Political scientist Mario Levesque said one issue with such a close election is that the party or coalition in power will have to elect a Speaker.
"The challenge here is even if they do form a pact — the Alliance goes with the Conservatives or the Greens with the Liberals — there is not enough there to elect the Speaker," said Levesque, a professor at Mount Allison University in Sackville, N.B.
"If the Alliance goes with the Conservatives, that's 25, so a majority," he said. "But then you have to take one away for the Speaker, and that gives them 24, which means they're still vulnerable to a tie vote in the legislature."

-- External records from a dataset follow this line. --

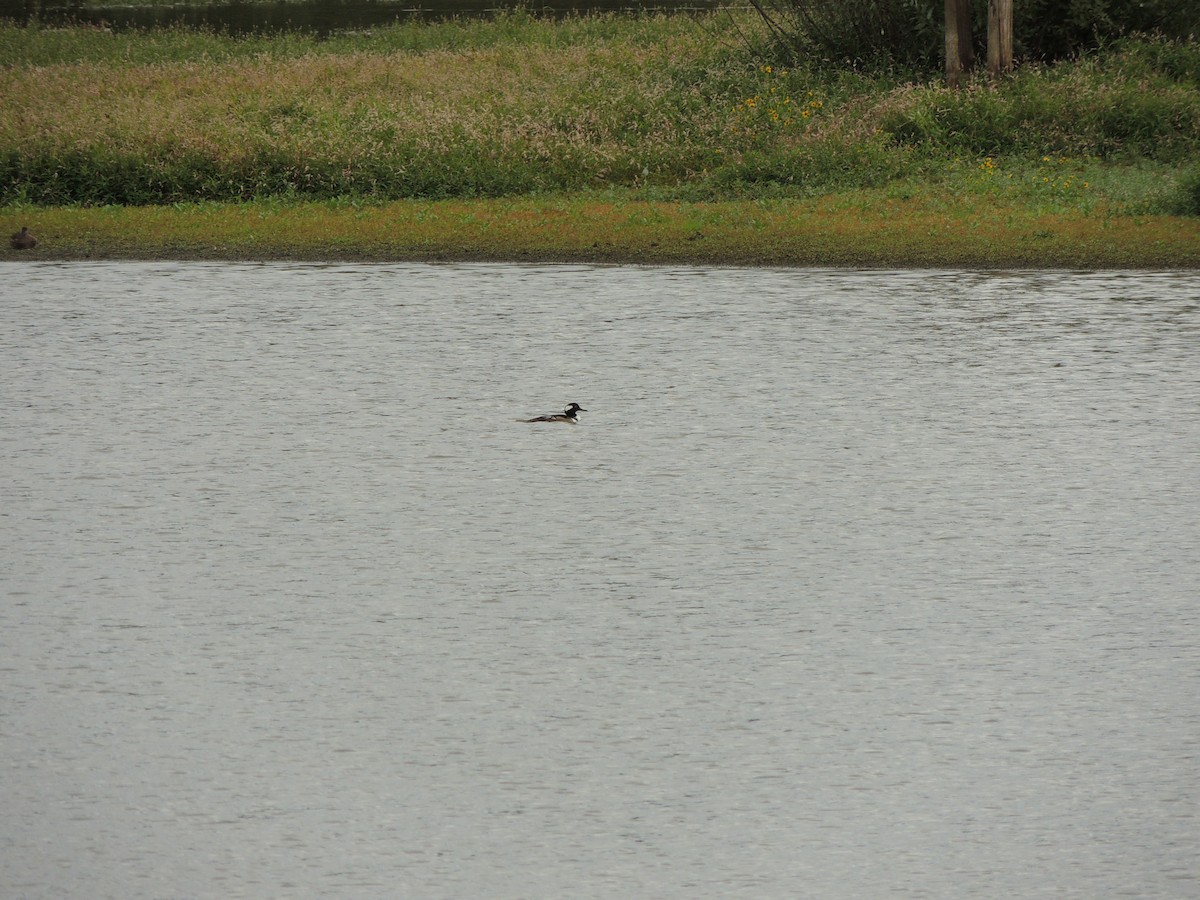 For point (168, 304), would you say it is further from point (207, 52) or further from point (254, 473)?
point (207, 52)

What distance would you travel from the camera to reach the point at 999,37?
788 inches

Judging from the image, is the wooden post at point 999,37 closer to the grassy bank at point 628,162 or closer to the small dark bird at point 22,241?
the grassy bank at point 628,162

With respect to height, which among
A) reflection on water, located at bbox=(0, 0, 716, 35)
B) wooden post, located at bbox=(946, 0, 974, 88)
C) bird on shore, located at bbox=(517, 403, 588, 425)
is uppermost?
reflection on water, located at bbox=(0, 0, 716, 35)

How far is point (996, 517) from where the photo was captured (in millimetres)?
8133

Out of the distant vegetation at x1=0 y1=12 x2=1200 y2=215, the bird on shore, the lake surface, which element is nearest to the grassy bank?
the distant vegetation at x1=0 y1=12 x2=1200 y2=215

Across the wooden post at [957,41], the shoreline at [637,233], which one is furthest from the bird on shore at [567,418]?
the wooden post at [957,41]

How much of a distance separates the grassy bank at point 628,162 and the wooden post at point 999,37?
0.48 meters

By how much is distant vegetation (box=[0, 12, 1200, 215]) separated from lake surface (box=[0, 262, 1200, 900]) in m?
5.48

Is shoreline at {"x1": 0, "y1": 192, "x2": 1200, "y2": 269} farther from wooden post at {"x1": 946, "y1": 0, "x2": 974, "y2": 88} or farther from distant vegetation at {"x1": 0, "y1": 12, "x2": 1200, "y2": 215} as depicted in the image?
wooden post at {"x1": 946, "y1": 0, "x2": 974, "y2": 88}

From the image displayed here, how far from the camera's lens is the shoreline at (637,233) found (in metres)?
14.9

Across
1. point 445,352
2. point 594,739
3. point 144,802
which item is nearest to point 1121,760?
point 594,739

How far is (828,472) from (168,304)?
22.3ft

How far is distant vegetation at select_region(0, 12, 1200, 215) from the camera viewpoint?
18.0 metres

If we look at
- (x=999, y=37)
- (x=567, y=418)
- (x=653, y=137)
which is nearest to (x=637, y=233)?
(x=653, y=137) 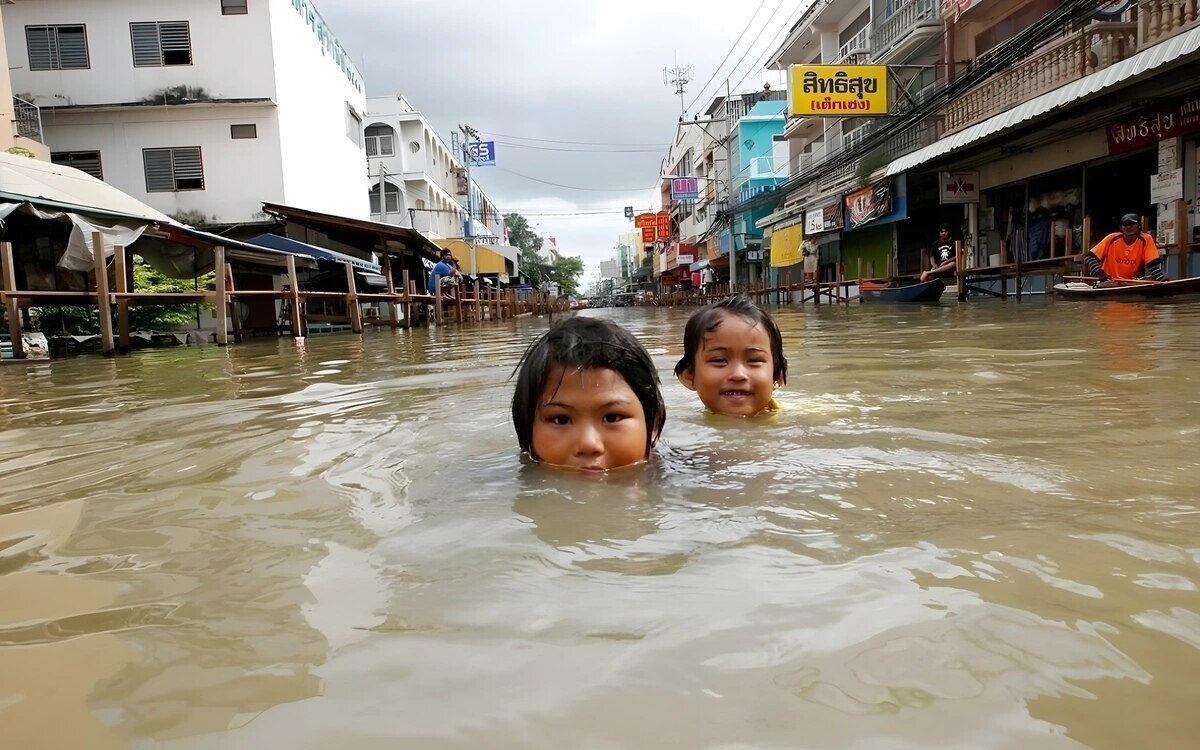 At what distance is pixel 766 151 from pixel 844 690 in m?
40.3

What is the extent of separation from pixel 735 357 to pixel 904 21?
20236mm

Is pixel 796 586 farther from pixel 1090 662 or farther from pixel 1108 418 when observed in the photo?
pixel 1108 418

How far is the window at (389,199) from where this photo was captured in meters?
36.1

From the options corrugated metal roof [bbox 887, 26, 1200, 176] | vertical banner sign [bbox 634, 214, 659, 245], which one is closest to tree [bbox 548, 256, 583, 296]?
vertical banner sign [bbox 634, 214, 659, 245]

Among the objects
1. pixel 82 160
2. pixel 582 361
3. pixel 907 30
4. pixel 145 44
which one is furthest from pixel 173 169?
pixel 582 361

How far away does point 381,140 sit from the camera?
38812mm

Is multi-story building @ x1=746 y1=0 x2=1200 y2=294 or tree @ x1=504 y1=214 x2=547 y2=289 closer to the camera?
multi-story building @ x1=746 y1=0 x2=1200 y2=294

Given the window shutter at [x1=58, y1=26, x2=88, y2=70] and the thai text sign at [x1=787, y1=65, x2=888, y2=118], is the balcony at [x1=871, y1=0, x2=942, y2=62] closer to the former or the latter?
the thai text sign at [x1=787, y1=65, x2=888, y2=118]

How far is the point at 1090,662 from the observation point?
39.8 inches

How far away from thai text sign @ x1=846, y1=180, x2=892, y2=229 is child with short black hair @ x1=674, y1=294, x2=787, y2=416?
1827cm

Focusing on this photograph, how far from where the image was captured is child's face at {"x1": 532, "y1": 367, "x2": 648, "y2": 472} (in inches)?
89.7

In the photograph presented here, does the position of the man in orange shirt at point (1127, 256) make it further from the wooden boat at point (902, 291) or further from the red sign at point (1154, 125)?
the wooden boat at point (902, 291)

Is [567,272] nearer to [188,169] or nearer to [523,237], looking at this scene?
[523,237]

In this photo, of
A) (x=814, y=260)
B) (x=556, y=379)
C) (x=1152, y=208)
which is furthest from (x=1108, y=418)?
(x=814, y=260) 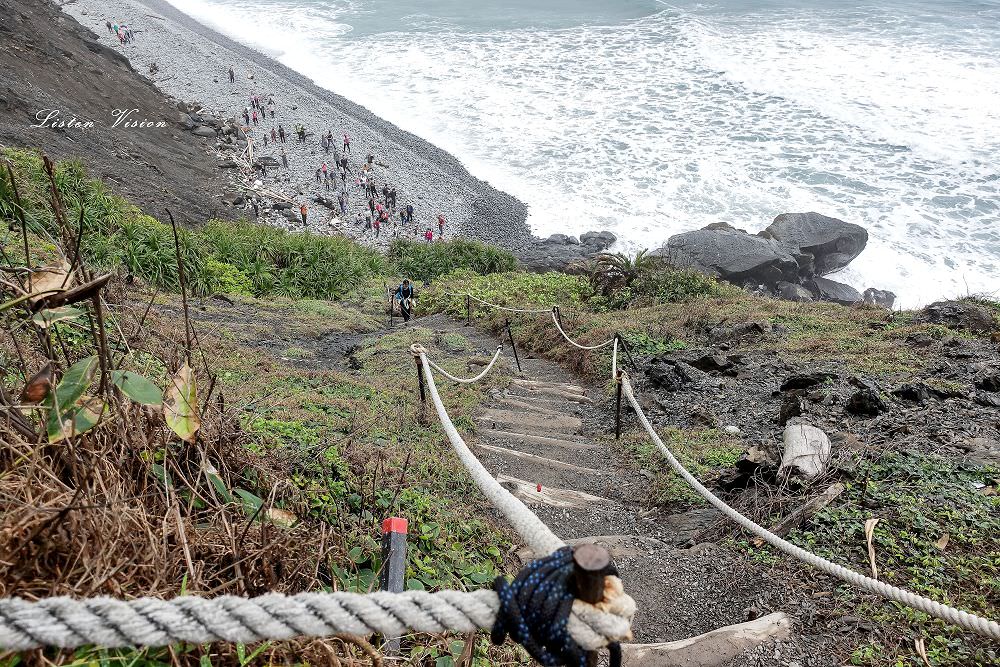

Erin Crandall, a professor in the politics department at Acadia University in Wolfville, N.S., called the emergence of two third parties "the big story for this election."
"This is uncharted territory for New Brunswick, which is historically a two-party system," said Crandall, who is originally from Moncton. "It's always been a question of who's going to be in a majority government — the PCs or Liberals."
She said a minority government will change the dynamics of governing in New Brunswick, making third parties the "major influencer" in the legislature.
Crandall said Canadian political parties usually agree to co-operate for a certain period of time, without formal coalitions as in other countries.
"In Canada, you usually have one party governing and they rely on the goodwill of these smaller parties," she explained. "Nobody wants an election right away so probably they'll make things work."